Art or obsession? When American author Chris Kraus falls in love with Dick, her husband Sylvère Lotringer, a sociologist, sees how his wife revives. They both start writing letters to her new object of love. With the novel I Love Dick as an intriguing result.
Chris Kraus at Passa Porta - For the love of Dick
Although Chris Kraus never reveals Dick's true identity, fingers immediately start pointing to sociologist Dick Hebdige. In 1997, when it was first published, I Love Dick was mostly panned. "A book not so much written as secreted," the leading art magazine Artforum wrote. After being reprinted by Kraus's own publishing house Semiotext(e) in 2006 the book found its way to a mainstream audience via the blogosphere. The book is now enjoying a revival and this month will be published in Dutch translation by Lebowski Publishers.
What does Dick Hebdige think about this renewed attention to the story?
Chris Kraus: I have no idea – we're not in touch. I never revealed his identity, and the novel wasn't directed against him. I wish he would have written an introduction, as I'd asked him, and then we could enjoy the success of the book together.

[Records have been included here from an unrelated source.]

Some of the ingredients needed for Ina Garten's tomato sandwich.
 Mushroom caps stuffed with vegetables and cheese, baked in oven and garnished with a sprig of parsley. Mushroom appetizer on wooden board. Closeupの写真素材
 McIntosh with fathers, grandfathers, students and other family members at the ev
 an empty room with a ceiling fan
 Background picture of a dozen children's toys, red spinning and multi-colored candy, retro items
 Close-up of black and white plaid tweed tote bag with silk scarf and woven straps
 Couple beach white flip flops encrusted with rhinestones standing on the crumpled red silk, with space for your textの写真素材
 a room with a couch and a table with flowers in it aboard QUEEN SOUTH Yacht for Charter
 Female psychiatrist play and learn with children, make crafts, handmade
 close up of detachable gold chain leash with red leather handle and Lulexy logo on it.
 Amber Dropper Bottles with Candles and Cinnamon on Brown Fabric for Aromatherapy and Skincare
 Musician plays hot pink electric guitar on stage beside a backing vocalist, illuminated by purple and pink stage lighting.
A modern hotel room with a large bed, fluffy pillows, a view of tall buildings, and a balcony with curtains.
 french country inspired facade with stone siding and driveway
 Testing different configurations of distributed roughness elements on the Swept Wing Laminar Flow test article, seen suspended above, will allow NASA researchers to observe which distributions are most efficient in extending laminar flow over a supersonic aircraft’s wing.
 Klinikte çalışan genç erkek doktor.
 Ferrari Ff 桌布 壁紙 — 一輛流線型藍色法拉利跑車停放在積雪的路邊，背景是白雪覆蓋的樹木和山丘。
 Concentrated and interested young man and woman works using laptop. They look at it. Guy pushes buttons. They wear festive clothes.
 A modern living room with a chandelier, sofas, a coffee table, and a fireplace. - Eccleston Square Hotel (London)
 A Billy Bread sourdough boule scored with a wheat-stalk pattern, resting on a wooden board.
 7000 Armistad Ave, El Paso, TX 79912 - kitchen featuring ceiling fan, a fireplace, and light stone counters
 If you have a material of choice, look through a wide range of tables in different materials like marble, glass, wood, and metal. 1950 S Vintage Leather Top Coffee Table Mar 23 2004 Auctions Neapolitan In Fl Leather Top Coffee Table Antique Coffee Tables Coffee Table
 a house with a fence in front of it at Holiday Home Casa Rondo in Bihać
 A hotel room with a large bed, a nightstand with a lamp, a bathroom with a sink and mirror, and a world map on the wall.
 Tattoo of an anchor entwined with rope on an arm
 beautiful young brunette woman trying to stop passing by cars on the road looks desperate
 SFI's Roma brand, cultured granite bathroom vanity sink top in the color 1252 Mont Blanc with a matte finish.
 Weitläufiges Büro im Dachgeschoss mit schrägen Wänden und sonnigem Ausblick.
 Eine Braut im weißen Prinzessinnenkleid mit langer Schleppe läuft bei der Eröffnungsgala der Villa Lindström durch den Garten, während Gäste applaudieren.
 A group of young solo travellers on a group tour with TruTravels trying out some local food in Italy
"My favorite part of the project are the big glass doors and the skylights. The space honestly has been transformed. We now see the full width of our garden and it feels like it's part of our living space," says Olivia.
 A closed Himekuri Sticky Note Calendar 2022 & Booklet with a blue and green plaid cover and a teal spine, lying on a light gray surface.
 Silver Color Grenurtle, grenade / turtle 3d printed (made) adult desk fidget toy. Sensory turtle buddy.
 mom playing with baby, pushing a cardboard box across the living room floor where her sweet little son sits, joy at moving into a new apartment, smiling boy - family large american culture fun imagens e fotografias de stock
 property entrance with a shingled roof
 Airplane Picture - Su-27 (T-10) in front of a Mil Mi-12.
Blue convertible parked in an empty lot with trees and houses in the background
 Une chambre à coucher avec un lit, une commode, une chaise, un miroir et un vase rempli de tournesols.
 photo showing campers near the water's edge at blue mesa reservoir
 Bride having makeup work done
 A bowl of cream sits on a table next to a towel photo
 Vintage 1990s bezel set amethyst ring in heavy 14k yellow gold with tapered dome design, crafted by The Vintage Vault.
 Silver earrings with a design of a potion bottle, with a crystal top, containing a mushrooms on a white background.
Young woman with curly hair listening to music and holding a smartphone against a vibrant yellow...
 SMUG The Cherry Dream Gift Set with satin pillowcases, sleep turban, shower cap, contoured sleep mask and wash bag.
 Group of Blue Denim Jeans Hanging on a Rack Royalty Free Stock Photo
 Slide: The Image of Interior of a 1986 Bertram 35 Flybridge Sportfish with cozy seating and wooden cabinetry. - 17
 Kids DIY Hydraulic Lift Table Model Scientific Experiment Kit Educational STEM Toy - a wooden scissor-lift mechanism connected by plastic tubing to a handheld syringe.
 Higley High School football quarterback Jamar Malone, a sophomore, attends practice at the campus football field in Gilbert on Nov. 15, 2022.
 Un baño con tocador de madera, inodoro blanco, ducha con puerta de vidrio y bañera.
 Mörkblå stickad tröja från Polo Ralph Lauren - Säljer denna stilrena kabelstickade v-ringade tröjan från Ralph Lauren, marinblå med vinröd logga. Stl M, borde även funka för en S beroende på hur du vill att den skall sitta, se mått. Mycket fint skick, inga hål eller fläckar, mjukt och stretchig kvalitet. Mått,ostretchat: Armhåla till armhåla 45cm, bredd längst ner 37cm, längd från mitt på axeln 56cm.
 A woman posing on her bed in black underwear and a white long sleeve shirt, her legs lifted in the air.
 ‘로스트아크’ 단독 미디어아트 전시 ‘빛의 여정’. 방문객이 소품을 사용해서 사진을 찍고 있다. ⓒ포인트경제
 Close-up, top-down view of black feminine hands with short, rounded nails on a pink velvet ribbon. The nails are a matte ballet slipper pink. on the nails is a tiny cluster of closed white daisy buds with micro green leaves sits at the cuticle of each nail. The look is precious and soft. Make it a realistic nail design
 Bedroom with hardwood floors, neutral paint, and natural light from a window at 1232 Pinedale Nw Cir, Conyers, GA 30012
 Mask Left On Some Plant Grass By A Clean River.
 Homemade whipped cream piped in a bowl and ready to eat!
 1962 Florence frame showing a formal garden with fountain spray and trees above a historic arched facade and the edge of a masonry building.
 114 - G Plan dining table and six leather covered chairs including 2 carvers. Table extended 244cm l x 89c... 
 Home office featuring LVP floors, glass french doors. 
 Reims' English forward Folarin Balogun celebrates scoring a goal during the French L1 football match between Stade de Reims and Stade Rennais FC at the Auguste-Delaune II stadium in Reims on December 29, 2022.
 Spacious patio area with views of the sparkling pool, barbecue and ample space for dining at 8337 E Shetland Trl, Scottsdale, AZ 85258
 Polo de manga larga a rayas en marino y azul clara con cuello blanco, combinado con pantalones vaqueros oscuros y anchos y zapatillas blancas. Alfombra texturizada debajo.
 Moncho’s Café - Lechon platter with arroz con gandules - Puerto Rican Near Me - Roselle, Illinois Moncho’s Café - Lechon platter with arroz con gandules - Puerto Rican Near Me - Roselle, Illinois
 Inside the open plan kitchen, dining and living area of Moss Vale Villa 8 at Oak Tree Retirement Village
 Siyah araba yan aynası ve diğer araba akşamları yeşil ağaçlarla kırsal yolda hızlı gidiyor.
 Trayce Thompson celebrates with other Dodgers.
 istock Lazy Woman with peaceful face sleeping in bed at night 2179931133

If we see I Love Dick as a cultural case study, as you suggest in the book, what would be the most important finding?
Kraus: Life isn't personal, philosopher Gilles Deleuze said. I think our little adventure in I Love Dick proves it. Chris and Sylvère are paradoxically, simultaneously, very invested in their marriage and personal lives, but at the same time, they're aware of the bigger picture.
With all the cultural references you make in the book, it could be seen as something between cultural criticism and fiction.
Kraus: Whenever a writer internalises information – when there's a real confrontation between the writer and subject – to me, that's a literary work. The real drama is in the collision between writer and subject. Currently I'm working on a critical biography of the late Kathy Acker…but it's all fiction! I think the American writer Rudy Wurlitzer describes it perfectly: "You realise the past is just like everything else – it's a dream. It's just as much of a fiction as if you were actually writing fiction […] It comes out filtered and refined and has an envelope of fiction to it. Because we're all basically fiction."
In I Love Dick you write you're nobody except the plus-one of your husband. Did this change after the book was published?
Kraus: It started to change even before that, when I left New York for LA. During those first years in LA, I was thrilled when people would actually look at my face while they were speaking to me. Sylvère used to tell me I'd miss the quiet time later on. And he was right! But I didn't want to be invisible forever.
Meeting Dick was the reason you started writing. Was he still an incentive when you wrote the books that followed?
Kraus: No, of course not. "Dick" doesn't really exist in the book, except in Chris Kraus's mind, as the Perfect Listener. That's what I was looking for. After publishing I Love Dick, that changed – I internalised other people.
If you could write I Love Dick again now, would it be different?
Kraus: Je ne regrette rien! But I doubt I'd go through the whole adventure again. I'm twenty years older now.